Exercise =>
The following data needs to be repeated exactly, with all images excluded.

The data =>
---*---

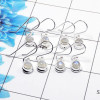 4Pair Rainbow Moonstone Cab Earring E - BVE999 Round Solid 925 Sterling Silver Earring Lot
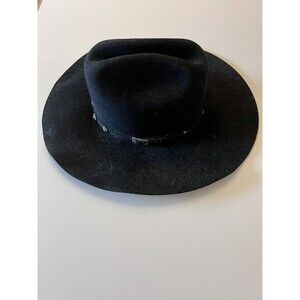 MonteCarlo 7  4XXXX Black felt Blend Wool Western Cowboy Hat 56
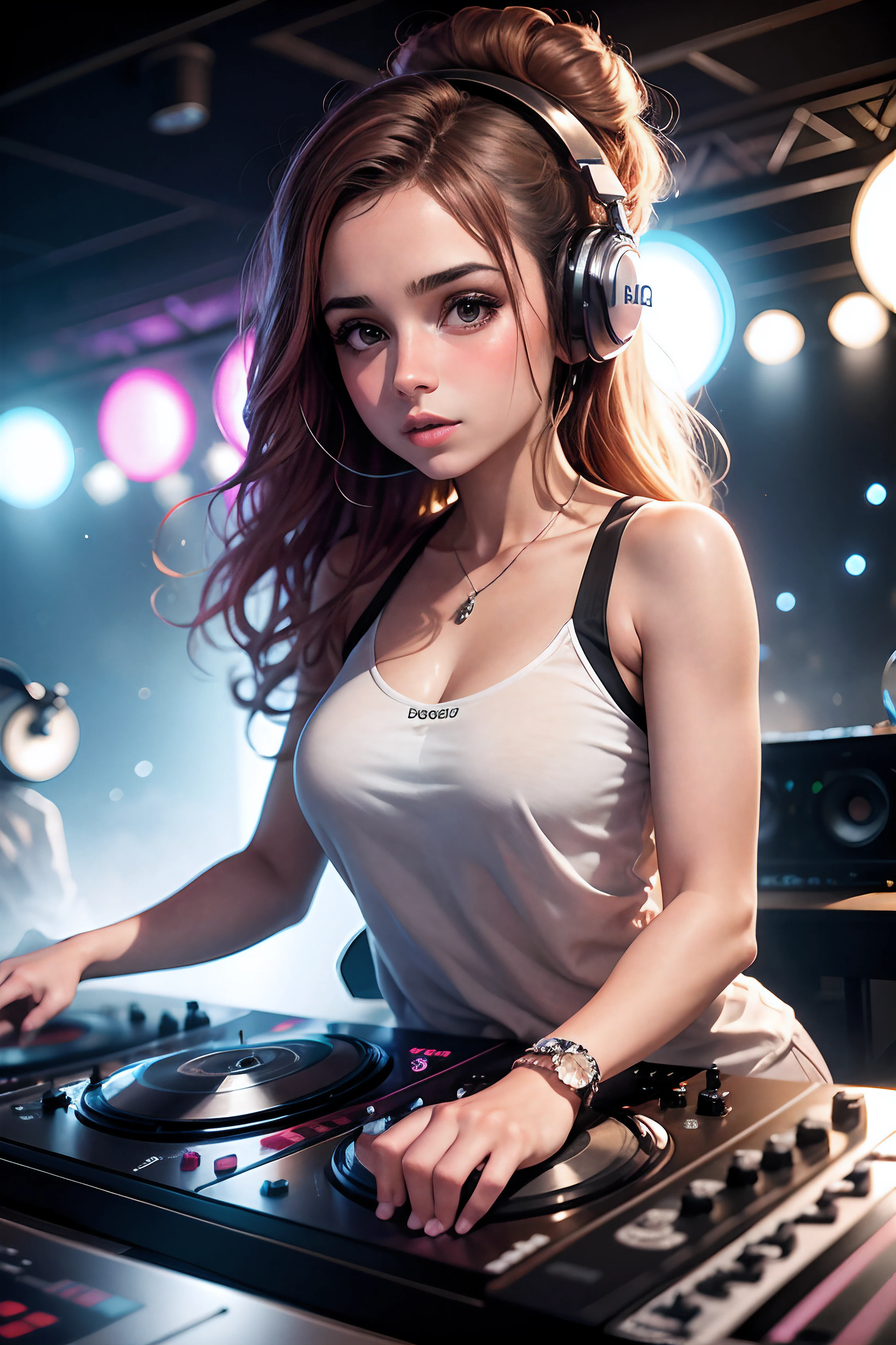ssdarts a female dj with headphones, performing live on stage on a shiny dj turntable, dynamic pose, extatic, sweaty skin, sweaty clothes,wet short hair,smile, red logo on her chest ,dark athmosphere, Hyper-Realistic, Hyper-Detailed, best quality masterpiece, photorealistic, detailed, sharp focus, 8k, HDR, shallow depth of field, broad light, high contrast, backlighting, bloom, chromatic aberration, sharp focus,Artgerm, Greg Rutkowski, 35mm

---*---

Solution to this exercise =>
 4Pair Rainbow Moonstone Cab Earring E - BVE999 Round Solid 925 Sterling Silver Earring Lot
 MonteCarlo 7  4XXXX Black felt Blend Wool Western Cowboy Hat 56
ssdarts a female dj with headphones, performing live on stage on a shiny dj turntable, dynamic pose, extatic, sweaty skin, sweaty clothes,wet short hair,smile, red logo on her chest ,dark athmosphere, Hyper-Realistic, Hyper-Detailed, best quality masterpiece, photorealistic, detailed, sharp focus, 8k, HDR, shallow depth of field, broad light, high contrast, backlighting, bloom, chromatic aberration, sharp focus,Artgerm, Greg Rutkowski, 35mm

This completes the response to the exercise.